The biggest difference I see, is their legs. No longer the spindly-legged, slender-toed babies – they are now sporting sturdy legs and toes with real claws.
They no longer have the red spot on their beak where the egg tooth came off, and – their wattles are emerging. This is the part I pay close attention to. In my way of thinking – if there was a mistake made in the sex of the pullet, this will be the telling factor. Please be girls.
Both girls are becoming very friendly and probably a tad bored with their box. They come running toward me now when I sit down by the box and remove the lid to handle them. They readily climb onto my hand to be lifted from the box and placed on a towel in my lap. The towel is my defense from turds that are deposited shortly after release from the box. When this phase is over, the towel is duly disposed of.
Before this weekend, I have to find a taller box. They have almost maxed out the height of their current box. I don’t want them to become stoop-shouldered from having to bend over when they stand up.

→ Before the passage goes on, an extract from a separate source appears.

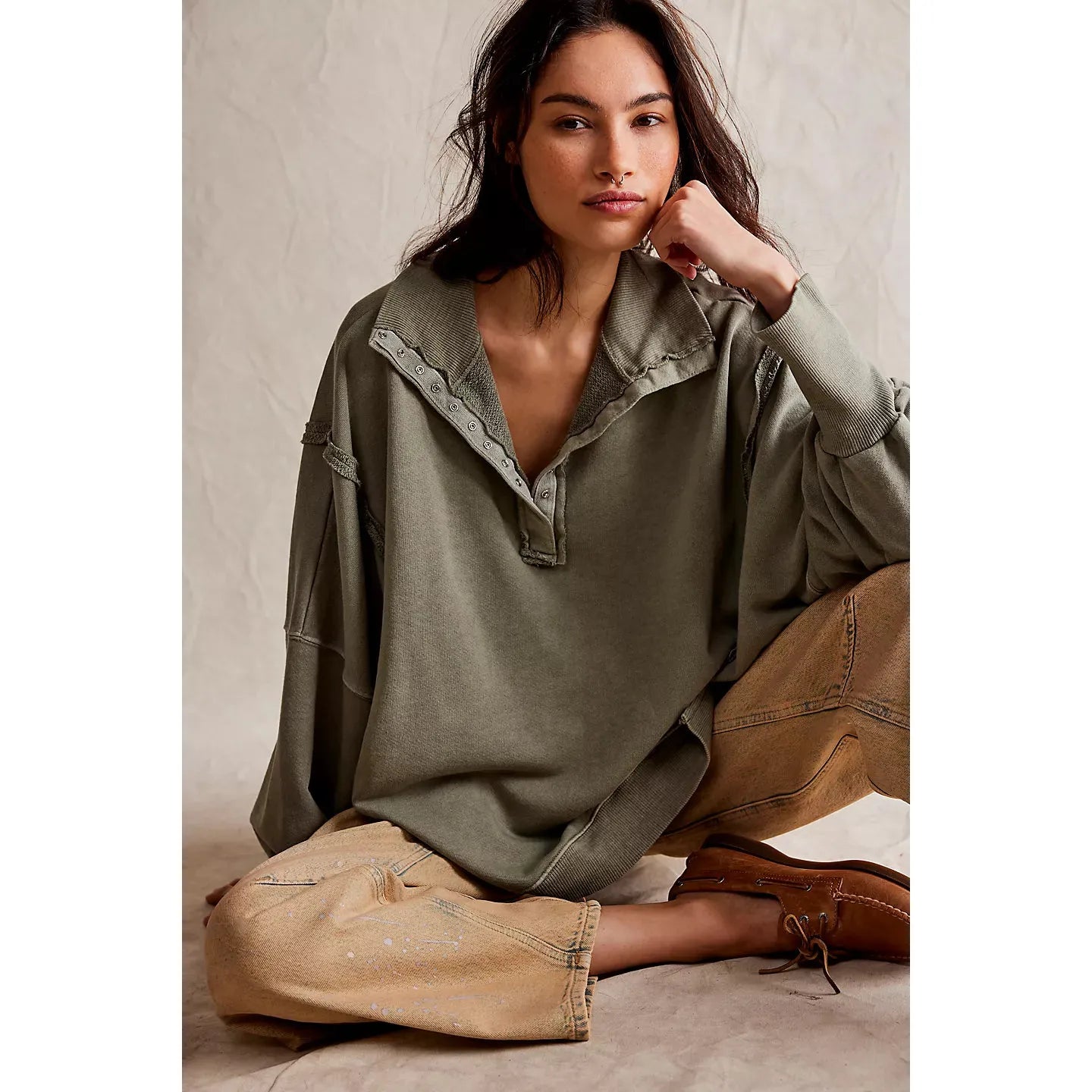 Free People We The Free Camden Henley Sweatshirt in Laurel Oak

My youngest granddaughter came over to meet the chicks today. She’ll be two in a couple of months. While she thought she wanted to hold a chick and give it a kiss, when actually faced with Ruby, she quickly scooted away, saying, “bite me.” No amount of coaxing worked to get her to come close enough to touch Ruby, let alone kiss her. She was happy when the chicks went back home and she could wave at them safely through the top of the box. She was excited to go throw greens through the fence for the big hens outside. She giggled every time a tiny piece of green made it through the chicken wire and one of the hens ate it.
I am always amazed by the rapidly occurring changes of baby chicks.